» Task goal
Word for word, copy the listing below and leave out its images.

▬▬▬▬▬▬▬▬▬▬

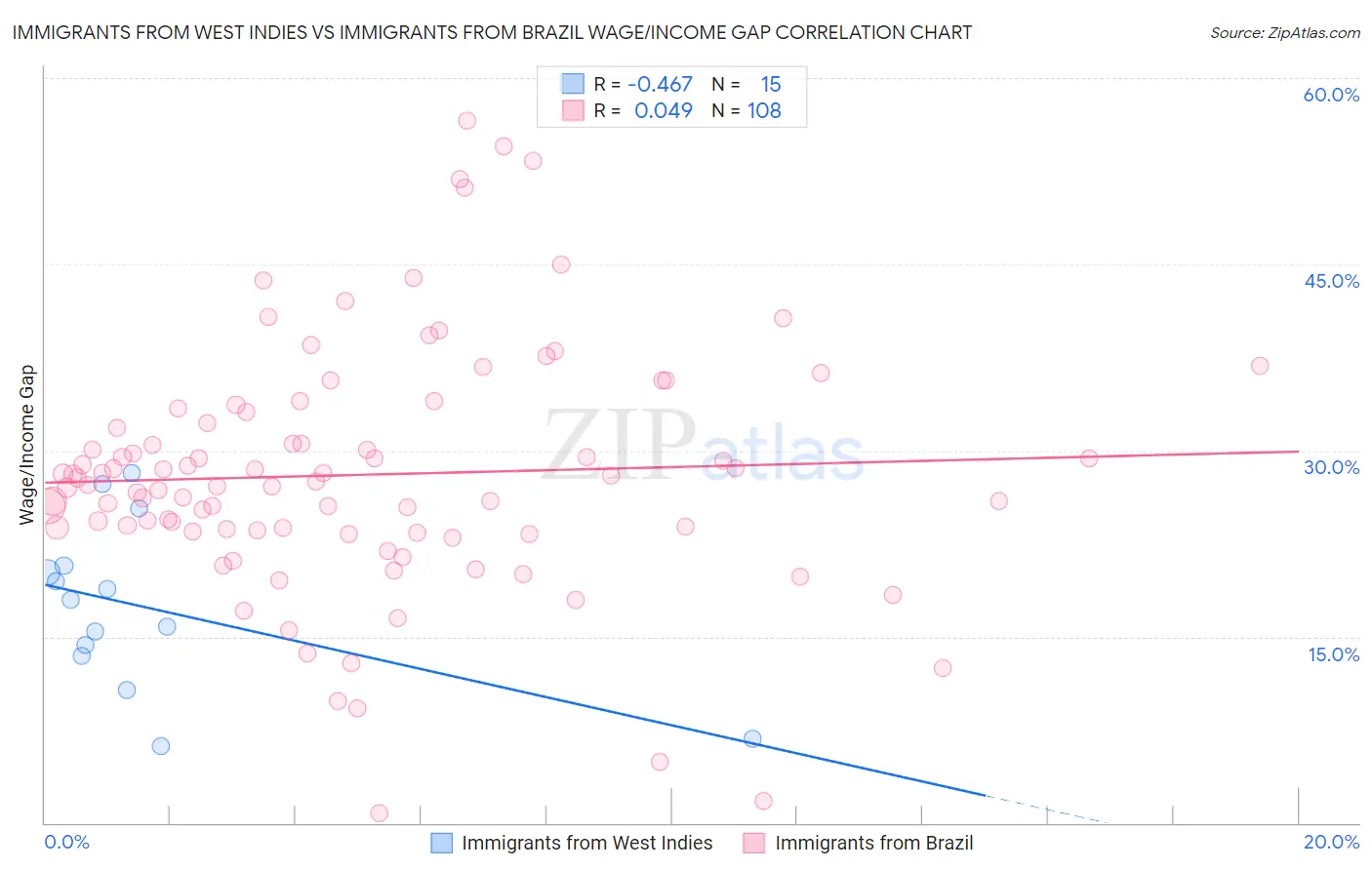 Immigrants from West Indies vs Immigrants from Brazil Wage/Income Gap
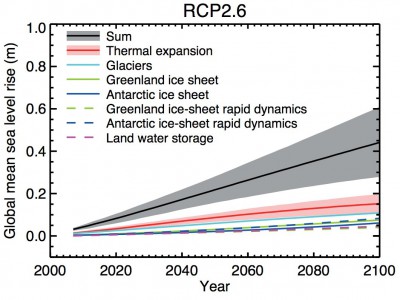 Global Mean Sea Level Rise (Image: Business Insider)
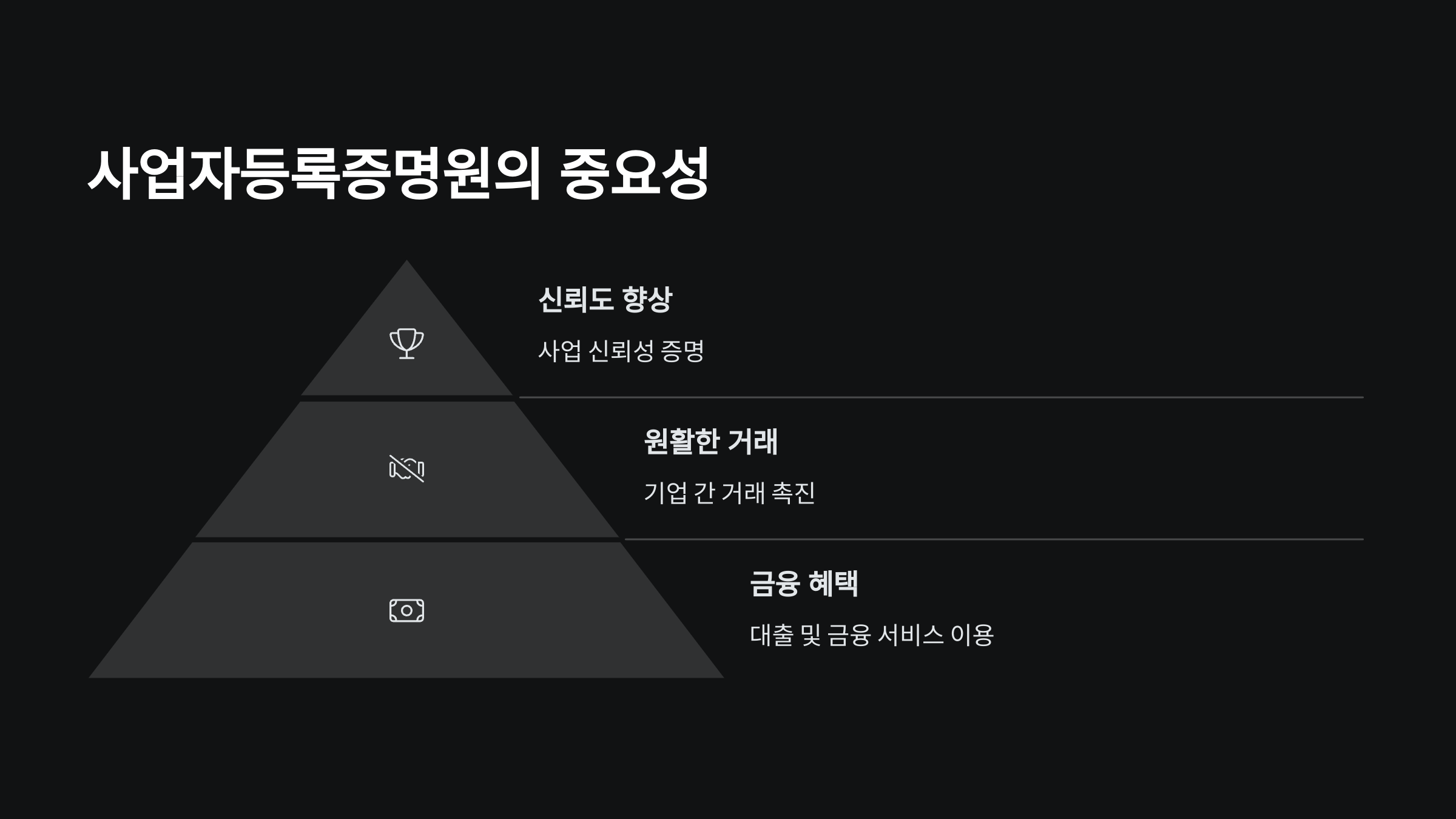 중요성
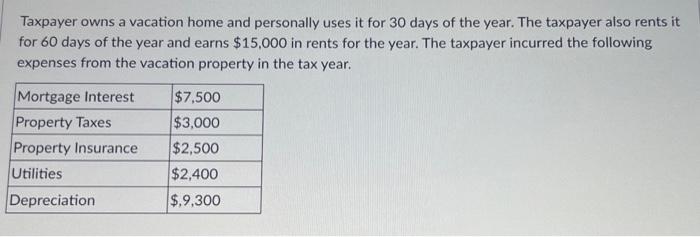 This question has 2 parts, please answer both. a. b. Taxpayer owns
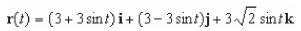 <strong>Find a vector-valued function, using the given parameter, to represent the intersection of the surfaces given below. </strong> A) B) C) D) E)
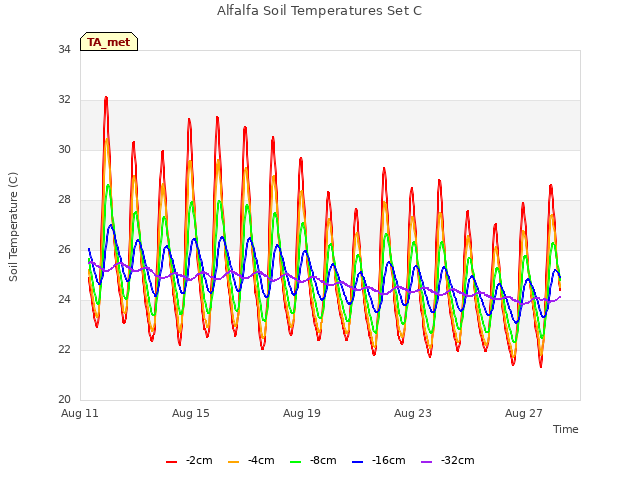 Explore the graph:Alfalfa Soil Temperatures Set C in a new window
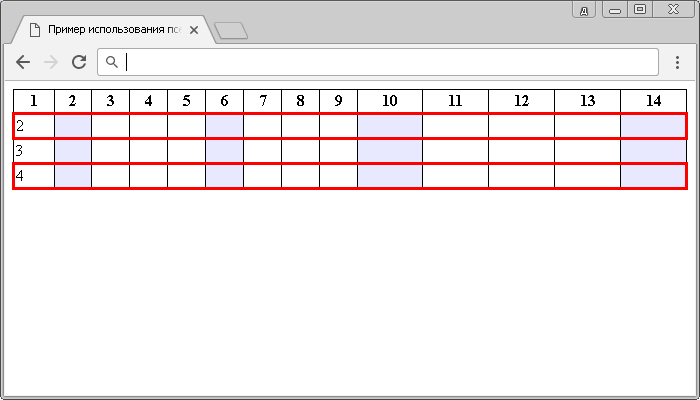 Рис. 152 Пример использования псевдокласса :nth-child с таблицами.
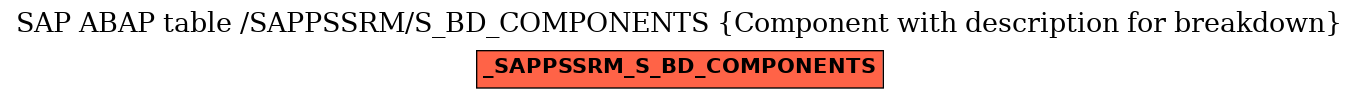 E-R Diagram for table /SAPPSSRM/S_BD_COMPONENTS (Component with description for breakdown)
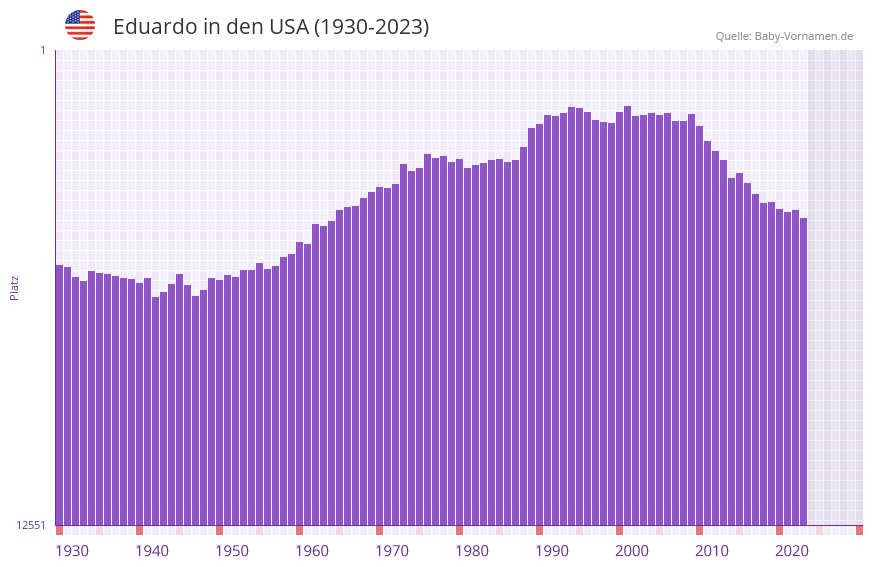 Eduardo in der Vornamen-Hitliste von den USA (1930-2023)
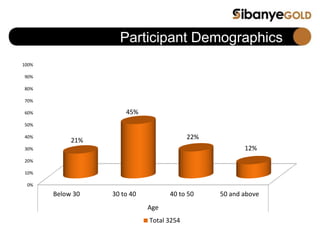 Participant Demographics
0%
10%
20%
30%
40%
50%
60%
70%
80%
90%
100%
Below 30 30 to 40 40 to 50 50 and above
Age
21%
45%
22%
12%
Total 3254
 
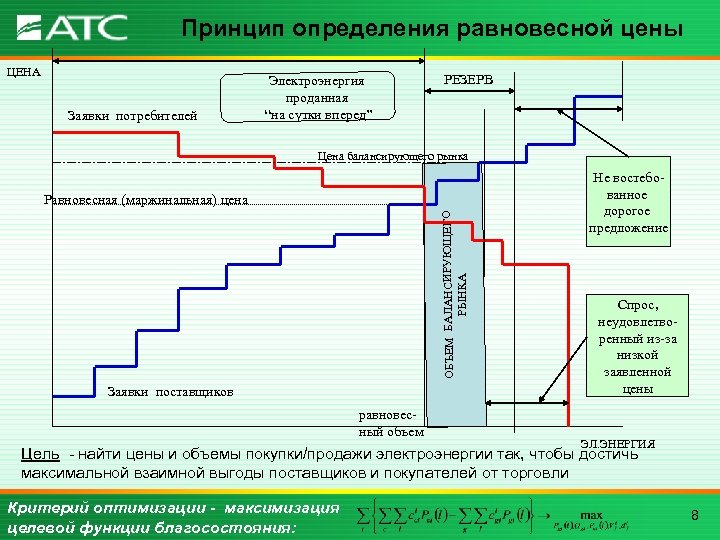 Принцип определения равновесной цены ЦЕНА Заявки потребителей Электроэнергия проданная “на сутки вперед” РЕЗЕРВ Цена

▬▬▬▬▬▬▬▬▬▬

» Answer for this exercise
 Immigrants from West Indies vs Immigrants from Brazil Wage/Income Gap
 Global Mean Sea Level Rise (Image: Business Insider)
 중요성
 This question has 2 parts, please answer both. a. b. Taxpayer owns
 <strong>Find a vector-valued function, using the given parameter, to represent the intersection of the surfaces given below. </strong> A) B) C) D) E)
 Explore the graph:Alfalfa Soil Temperatures Set C in a new window
 Рис. 152 Пример использования псевдокласса :nth-child с таблицами.
 E-R Diagram for table /SAPPSSRM/S_BD_COMPONENTS (Component with description for breakdown)
 Eduardo in der Vornamen-Hitliste von den USA (1930-2023)
 Participant Demographics
0%
10%
20%
30%
40%
50%
60%
70%
80%
90%
100%
Below 30 30 to 40 40 to 50 50 and above
Age
21%
45%
22%
12%
Total 3254
 
 Принцип определения равновесной цены ЦЕНА Заявки потребителей Электроэнергия проданная “на сутки вперед” РЕЗЕРВ Цена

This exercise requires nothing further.